Los animales para ellos son parte de su esencia: Adgíbara era un motilón que se convirtió en hormiga; por eso los hormigueros tiene el mismo plano de un bohío. Otro motilón se convirtió en guartinaja, otro en mico. Después de ese proceso, Saymagdódjira los transformó de nuevo a todos en motilones.

Los motilones poseen una profunda espiritualidad, al punto de que creen que los objetos tienen espíritu, en una especie de animismo bastante arraigado. Creen en el alma. Dadibdú es el espíritu del mal. Chivarina es un ser malo que viene a robar las normas al motilón.
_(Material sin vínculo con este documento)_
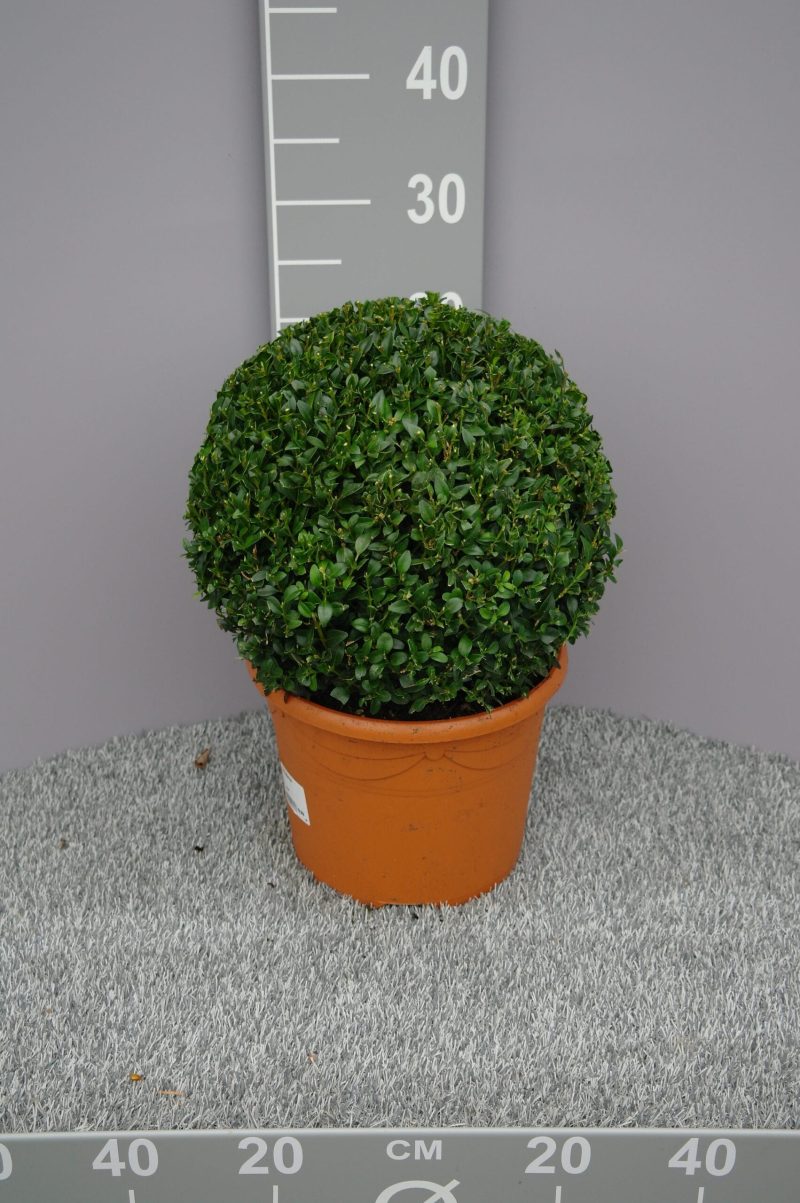 buxus bol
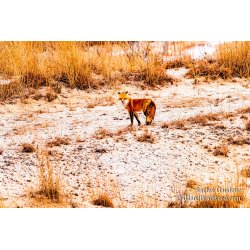 Rachel\'s Day 17 of 366 - January 17, 2020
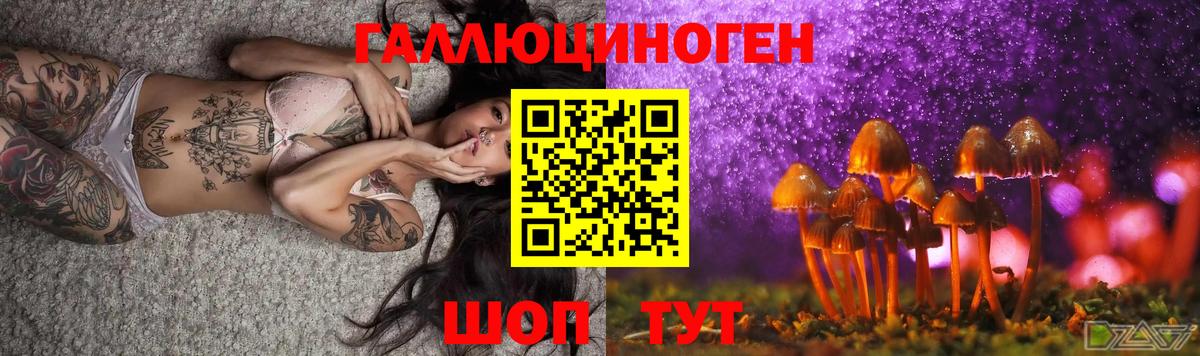 Владикавказ  Псилоцибиновые грибы Psilocybine cubensis  Псилоцибиновые грибы мухоморы  Вход с VPN 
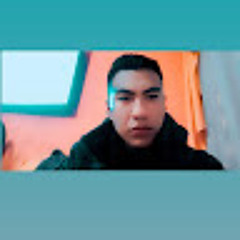 Gustavo Chavez Villegas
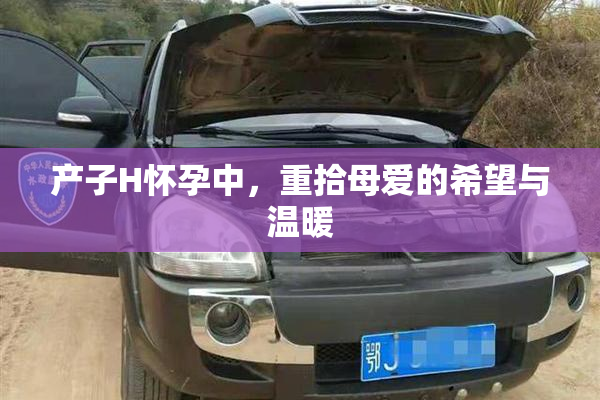 产子H怀孕中，重拾母爱的希望与温暖
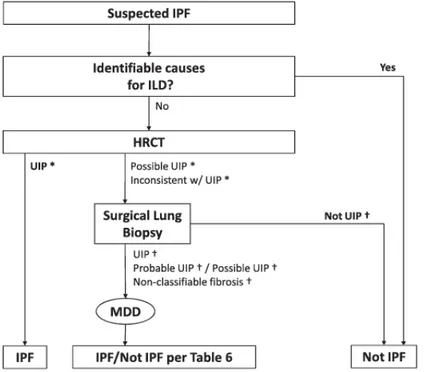 Figure  3.  Diagnostic  algorithm  for  idiopathic  pulmonary  fibrosis  (IPF)  on  the  basis  of  ATS/ERS/JRS/ALAT  2011  guidelines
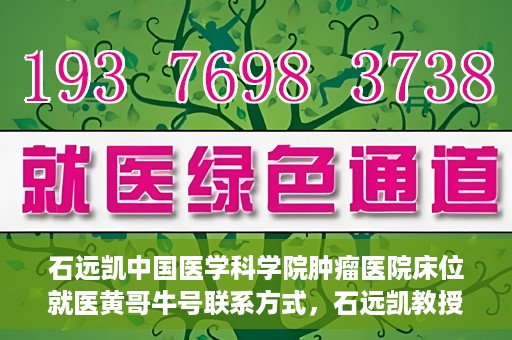 石远凯中国医学科学院肿瘤医院床位就医黄哥牛号联系方式，石远凯教授团队就医攻略，黄哥牛联系方式及中国医学科学院肿瘤医院床位预约指南
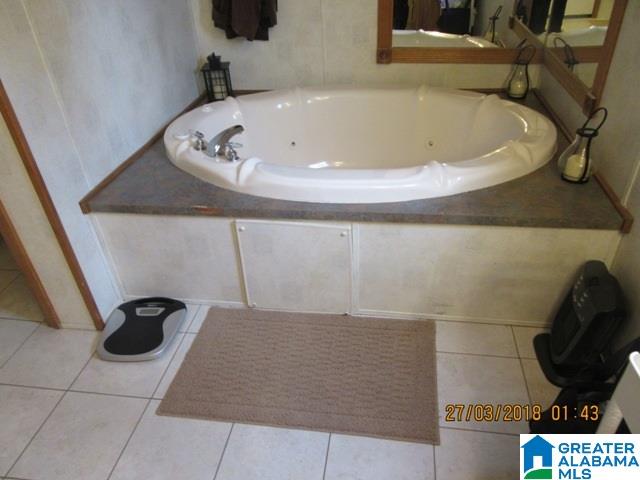 455 Francis Mill Road Ohatchee, AL 36271 - Photo 26 of 49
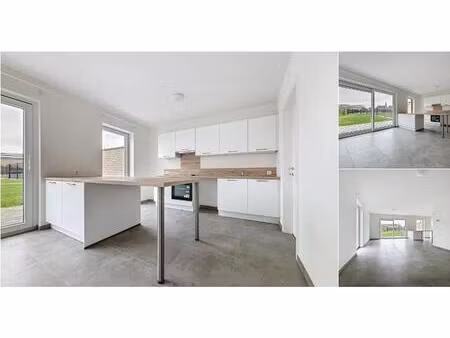 maison à louer avec garage et terrasse   rongy (vbd71730)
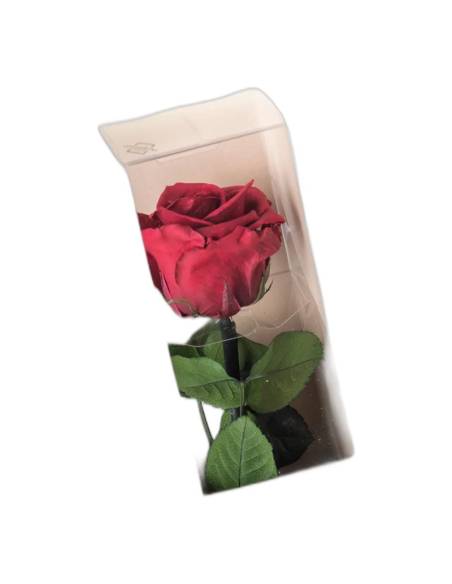 Rose éternelle bourgogne sur tige en coffret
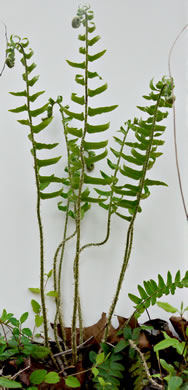 image of Polystichum acrostichoides, Christmas Fern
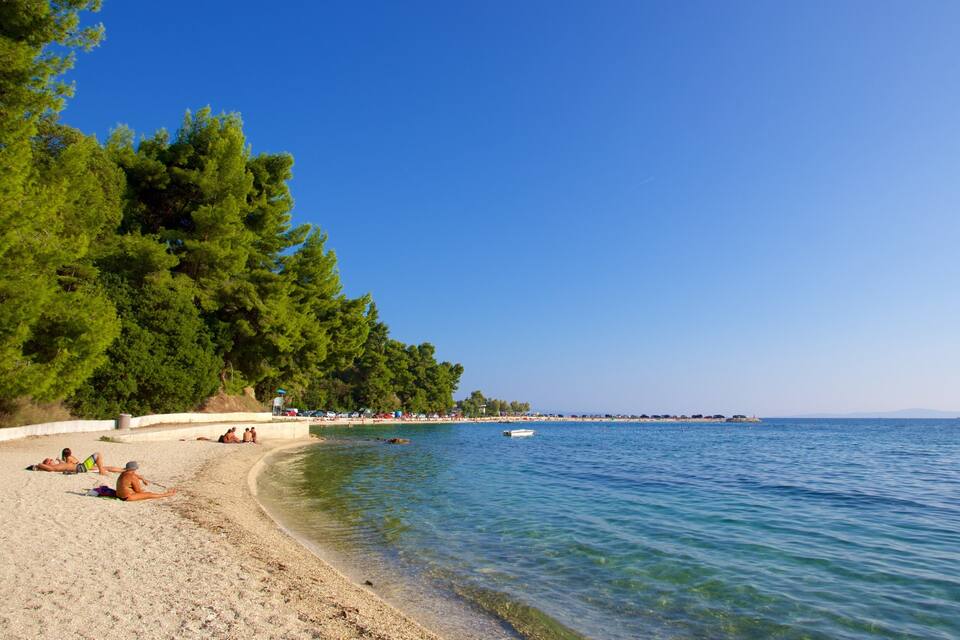 A beach with clear blue water, sandy shore, and dense green trees.
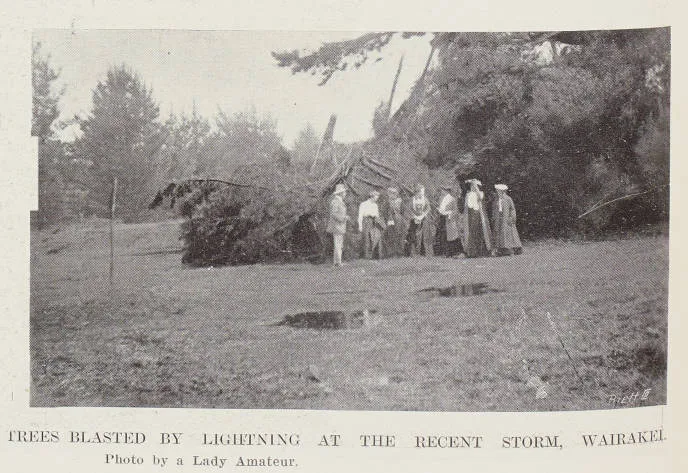 Trees blasted by lightning at the recent storm, Wairakei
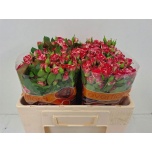 Kobarroos 50cm Fireworks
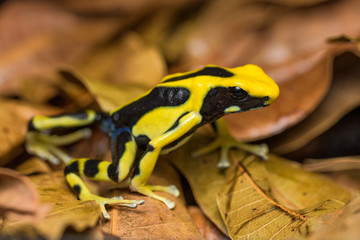 Dyeing poison dart frog 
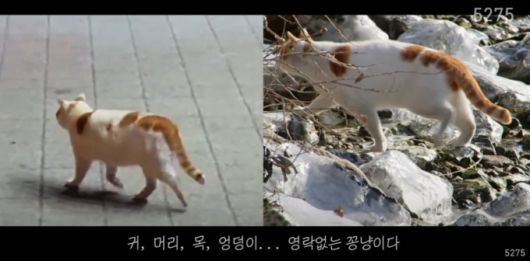 "꽁꽁 얼어붙은 한강 위로 고양이가 걸어 다닙니다" 밈의 주인공 '꽁냥이' 모습. /사진=MBN 방송화면 캡처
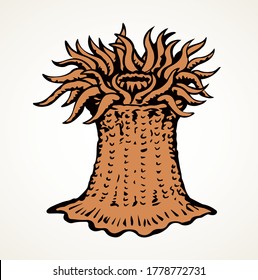 Poison soft fan coast live Actiniaria hexacorallia anthozoa sting on white tank text space. Outline black ink hand drawn actinium pinna logo icon sign design in retro art doodle style. Close up view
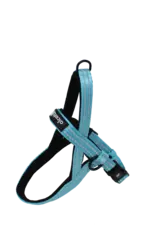 Alcott Norwegian Harness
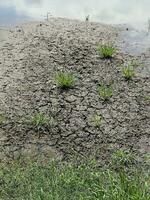 water surface with dry grass and dry leaves photo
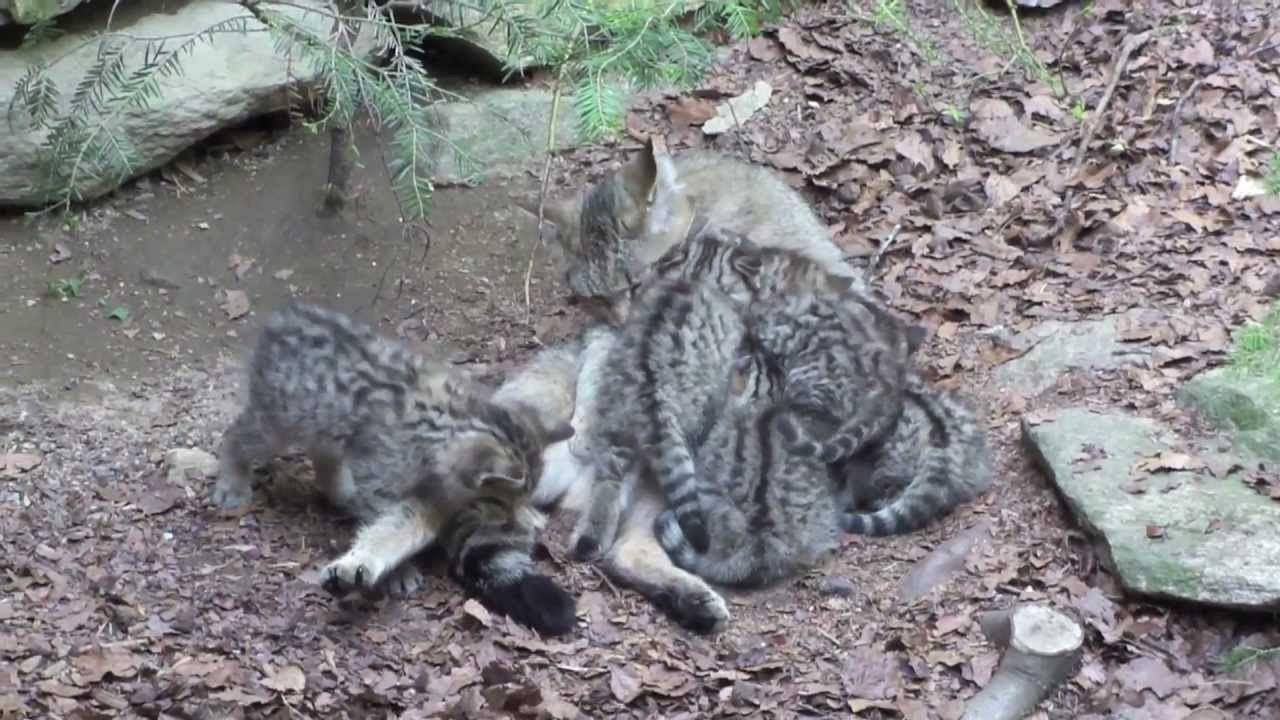 European Wild Cats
Para lograr la identificación total con Saymagdódjira, debe morir en el mismo sitio en el cual ha nacido.

Las costumbres funerarias son básicamente dos: 1. Colocan al difunto en la hamaca, apuntalando uno de los extremos de ella a una vara larga; luego sacan el cadáver al monte, fijan la hamaca y la vara procurando que la cabeza quede hacia el oriente y lo dejan a los zamuros. 2. A los muertos comunes los depositan en el suelo, los cubren con hojas de palma y los abandonan para que sean transportados por las aves.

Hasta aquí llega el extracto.